Hi Sir @paulinpaloalto @TMosh actually my doubt is wrt to the below statement sir

Proff andrew ng told that

Finally, this is a subtlety. It is not impossible, rarely happens, but it’s not impossible that your implementation of gradient descent is correct when w and b are close to 0, so at random initialization. But that as you run gradient descent and w and b become bigger, maybe your implementation of backprop is correct only when w and b is close to 0, but it gets more inaccurate when w and b become large.

The highlighted bold portion im not getting sir … and why do we need to run grad check if the implementation of gradient descent is correct at random initialization ?

Gradient checking is only done when you have written a totally new cost function, and you need to verify whether it gives gradient and cost values that are consistent.

That is the only time you run gradient checking.

I do not understand Andrew’s statement, other than to clarify that checking when w and b are zero (or very close to zero) is not a very robust test, and you should not rely on that alone.

I agree with Tom that I don’t understand what Prof Ng is saying here. Maybe it’s a lack of imagination on my part, but I’m having a hard time imagining an algorithm that would work very well for small values but not be correct for larger values.

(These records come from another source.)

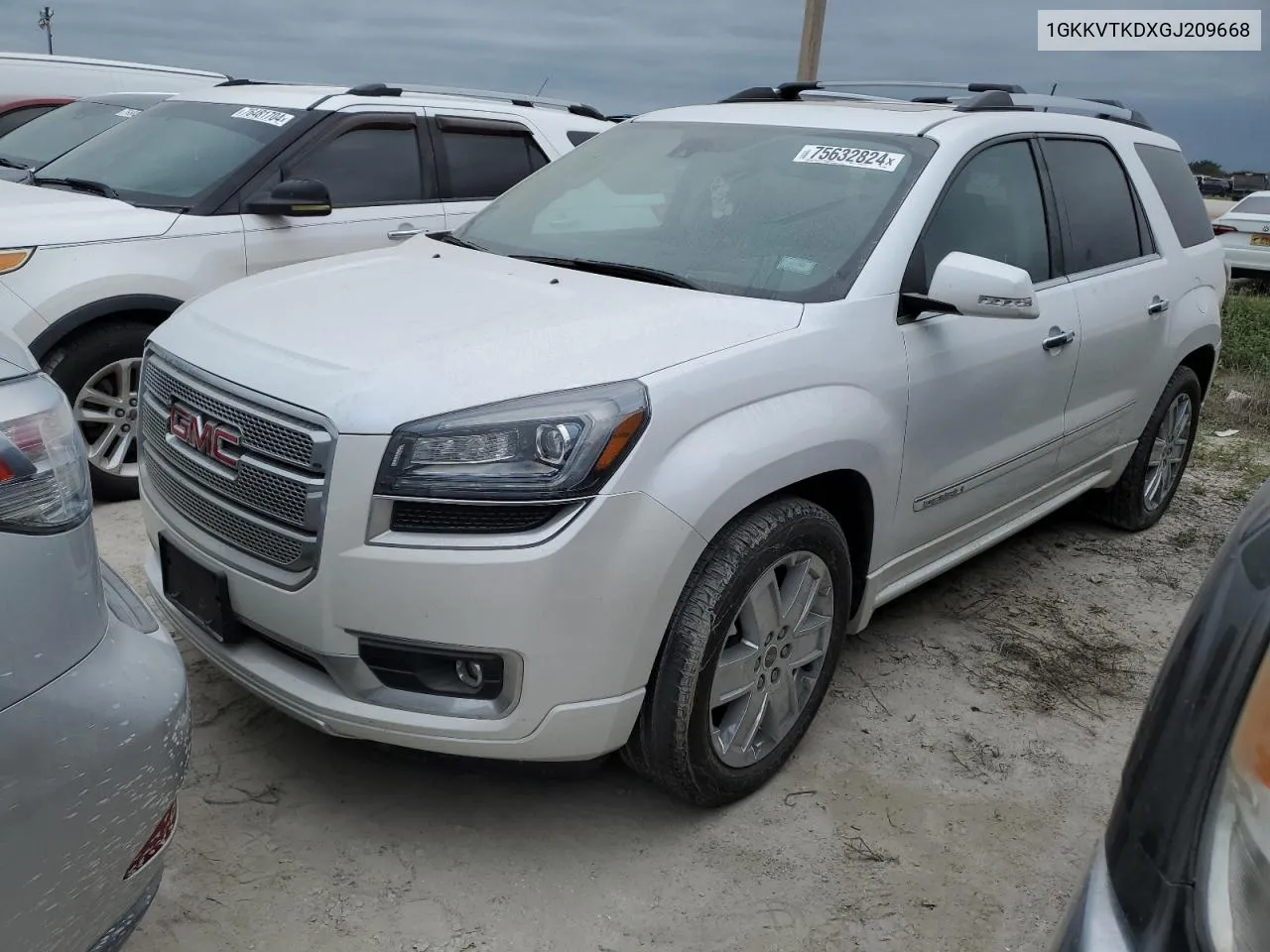 2016 GMC Acadia Denali VIN: 1GKKVTKDXGJ209668 Lot: 75632824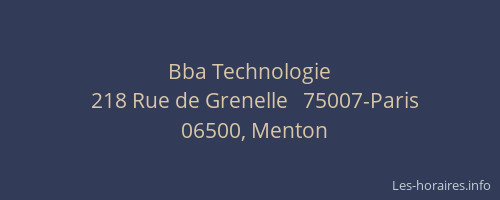 Bba Technologie
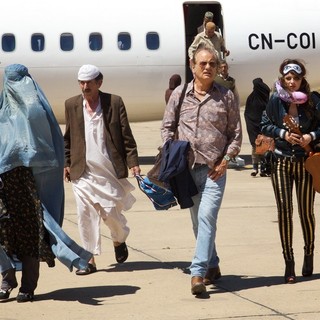 Bill Murray and Zooey Deschanel in Open Road Films' Rock the Kasbah (2015)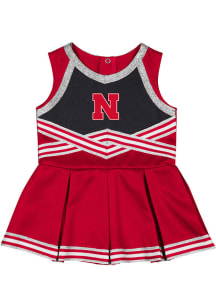 Colosseum Nebraska Cornhuskers Baby Red Lollipop Park Sets Cheer Dress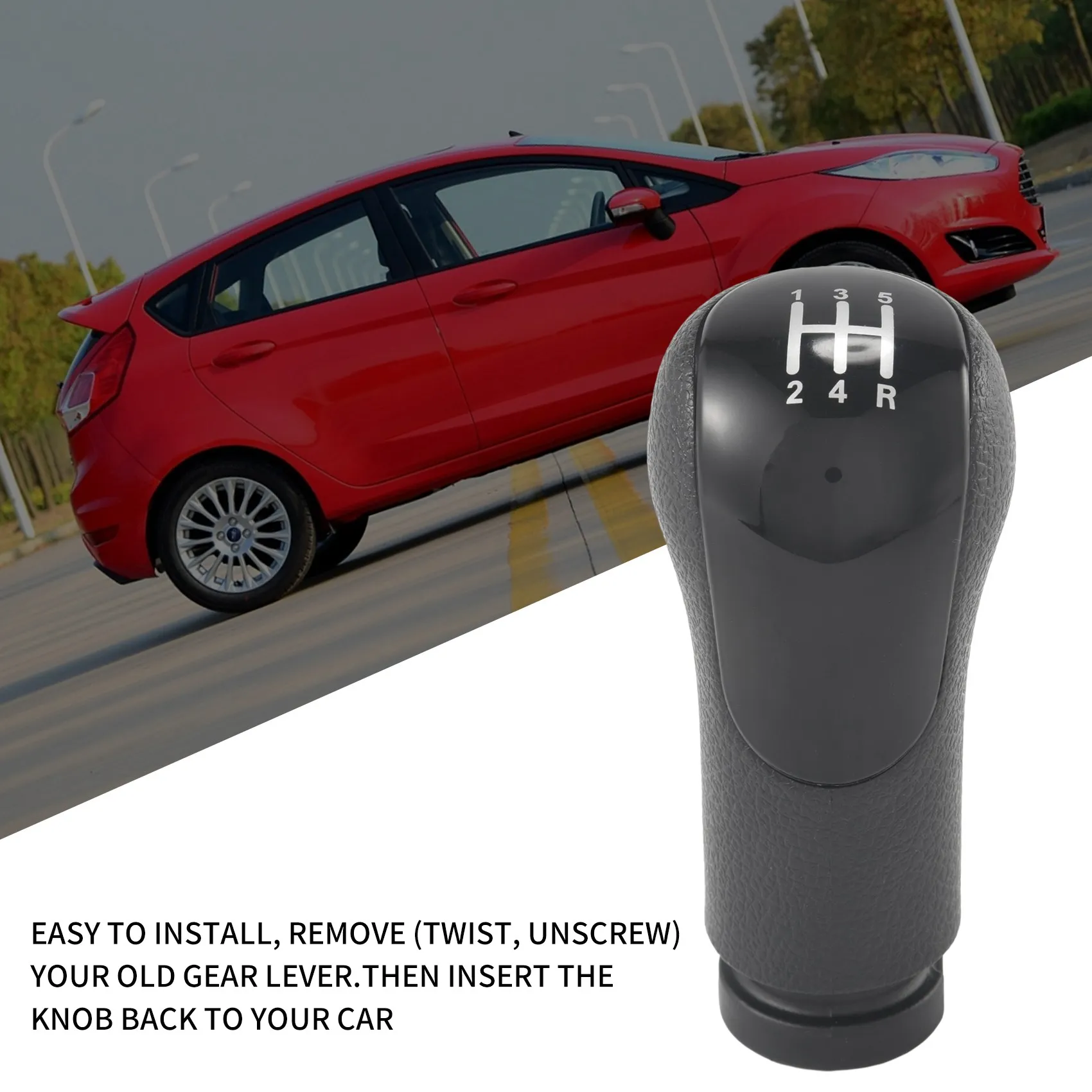 

Car 5-Speed Gear Shift Knob Shifter Lever Handball For Ford Fiesta Fusion Transit Connect 2S6R7217AC 1151765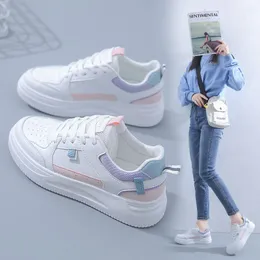 Fashion hotsale women's flatboard shoes White-pink White-purple spring casual shoes sneakers Color54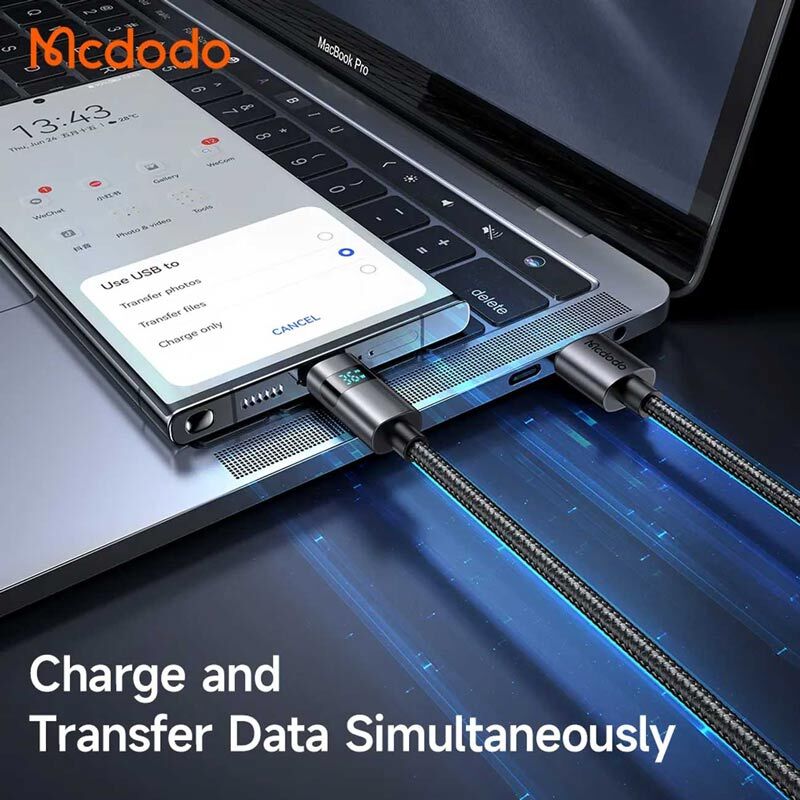 کابل تایپ سی فست شارژ Mcdodo CA-652 QC3.0 PD 6A 66W 1.2m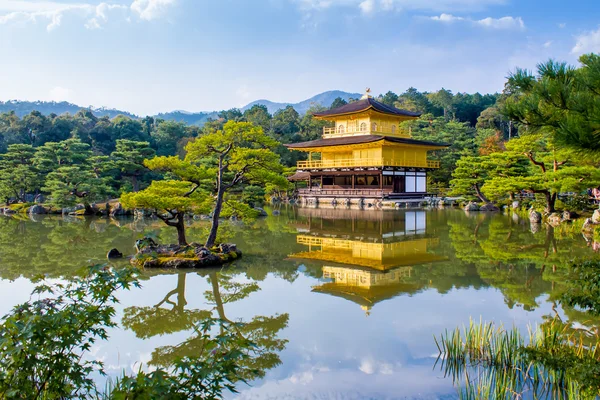 Kinkaku-ji, The Golden Pavilion w Kyoto, Japonia — Zdjęcie stockowe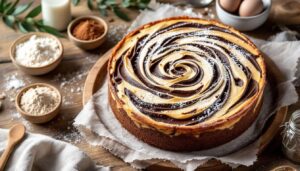 Torta variegata al cacao senza uova, golosa e leggera allo stesso tempo, a colazione la potranno apprezzare tutti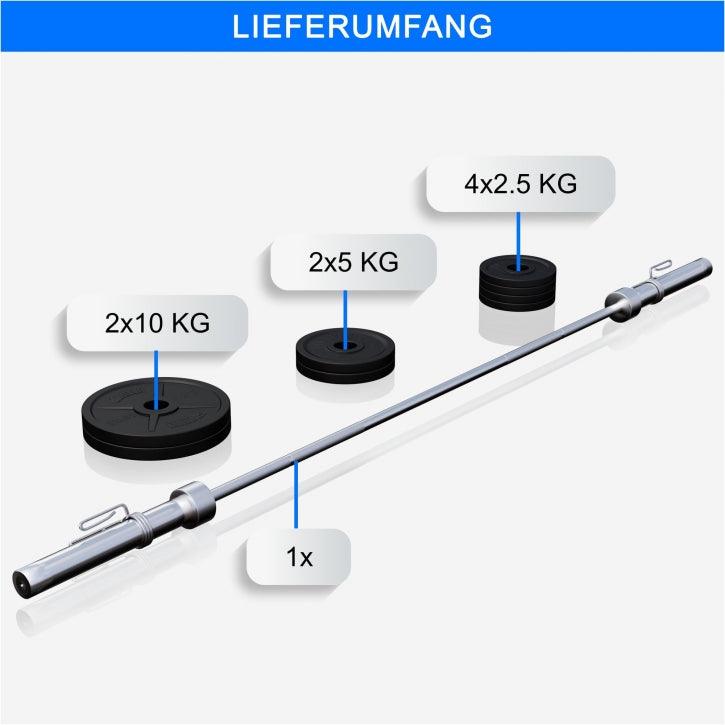Schrägbank mit Ablage PRO Set - Gorilla Sports DE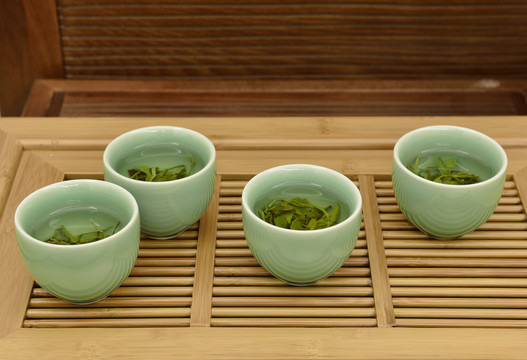 綠茶 碧螺春 青瓷 茶葉 茶道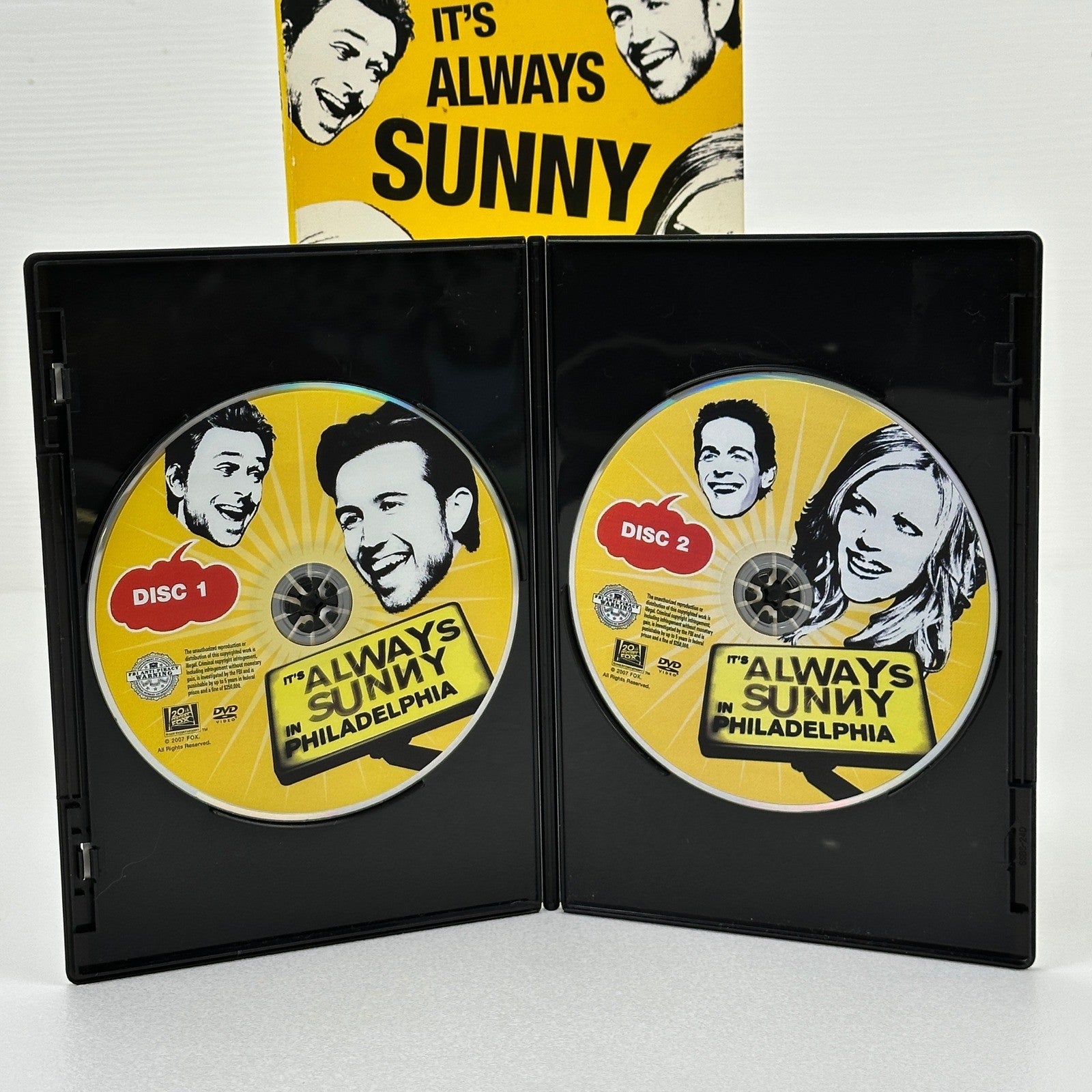 Its Always Sunny in Philadelphia Seasons 1 & 2 DVD Box Set Danny DeVito Comedy by Buysaavy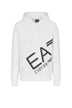 Emporio Armani Felpa Uomo con cappuccio e maxi stampa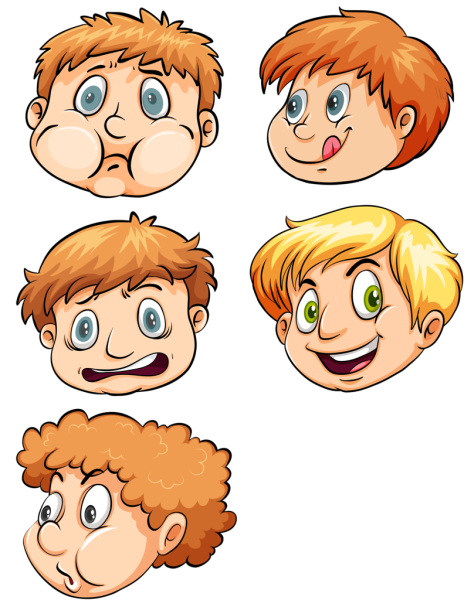 Мультяшные лица детей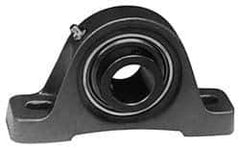 Value Collection - 9-1/2" OALBall Bearing Pillow Block - Cast Iron - Exact Industrial Supply
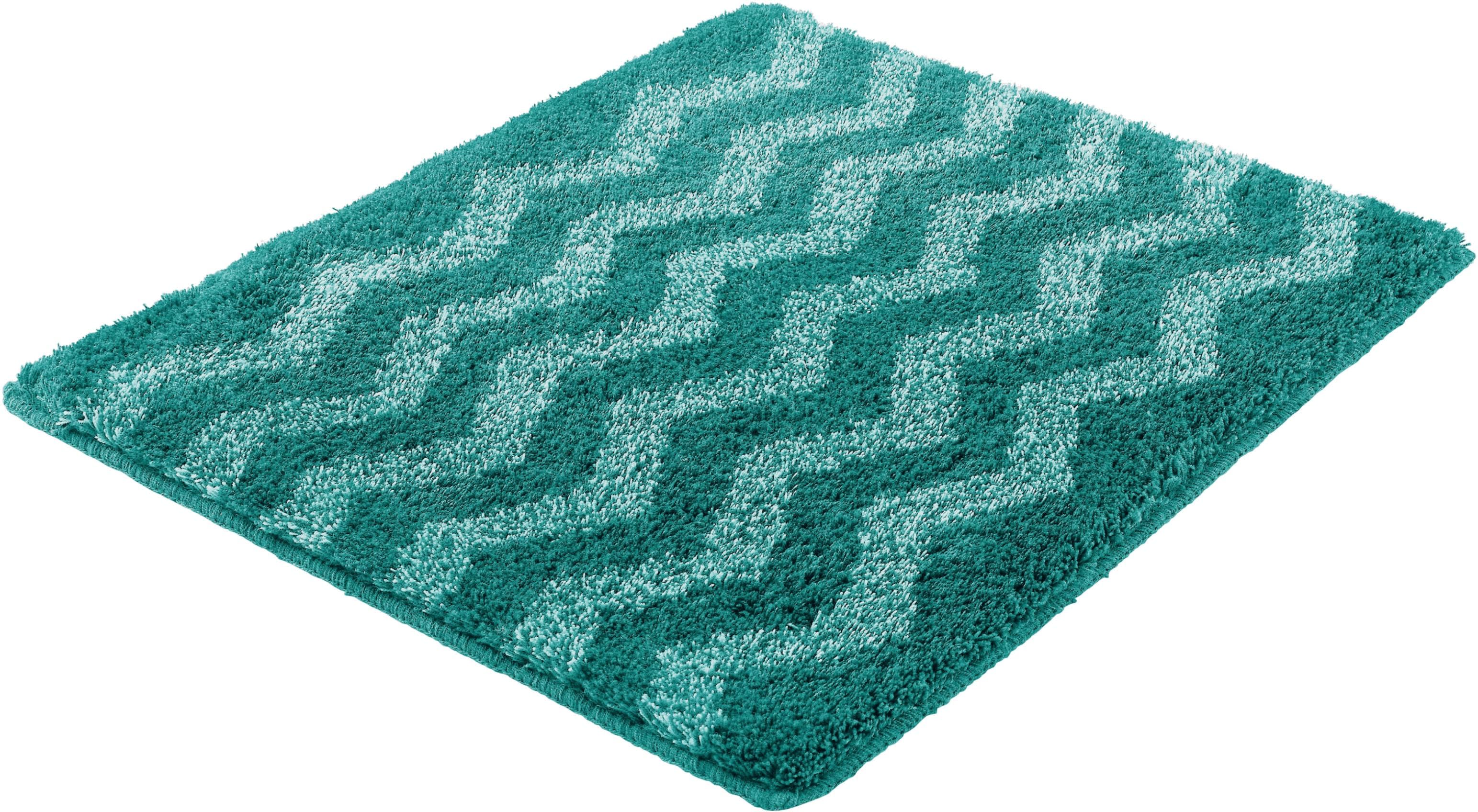 Kleine Wolke Badematte Zack Petrol Zickzack-Muster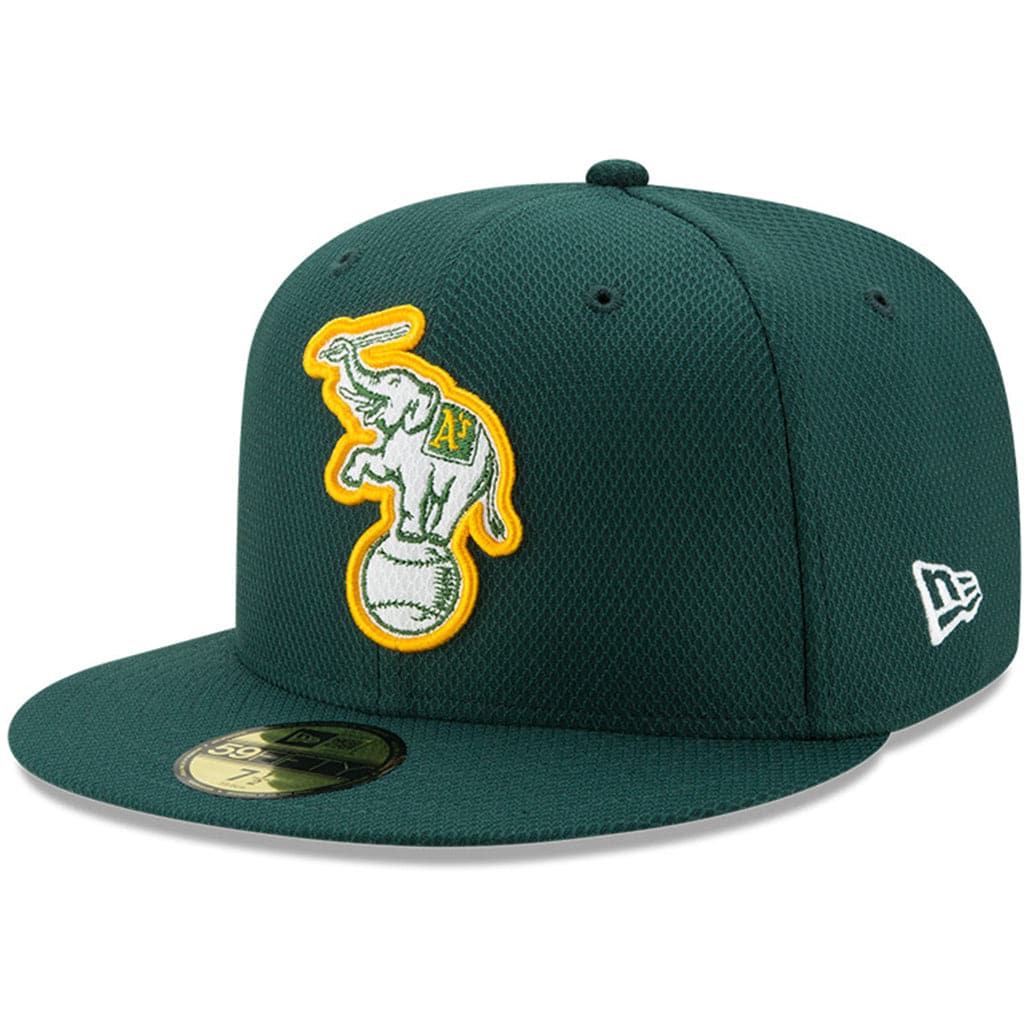 New Era Caps Oakland Athletics New Era MLB Alt Diamond Era Performance 59FIFTY Fitted Hat - Green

The other point is that just because you use random initialization doesn’t mean that the values are small, right? You can start with a Gaussian distribution with \mu = 0 and \sigma = 1 and multiply by whatever you want. If you’re worried about the values potentially being small, multiply by 42. Or just use the raw \sigma = 1 distribution: 1 is not close to zero in the sense he means. Of course you wouldn’t do that for normal random initialization (it would mess over your convergence), but if the purpose is just to run Gradient Checking, then that would solve the concern that I guess he’s expressing here.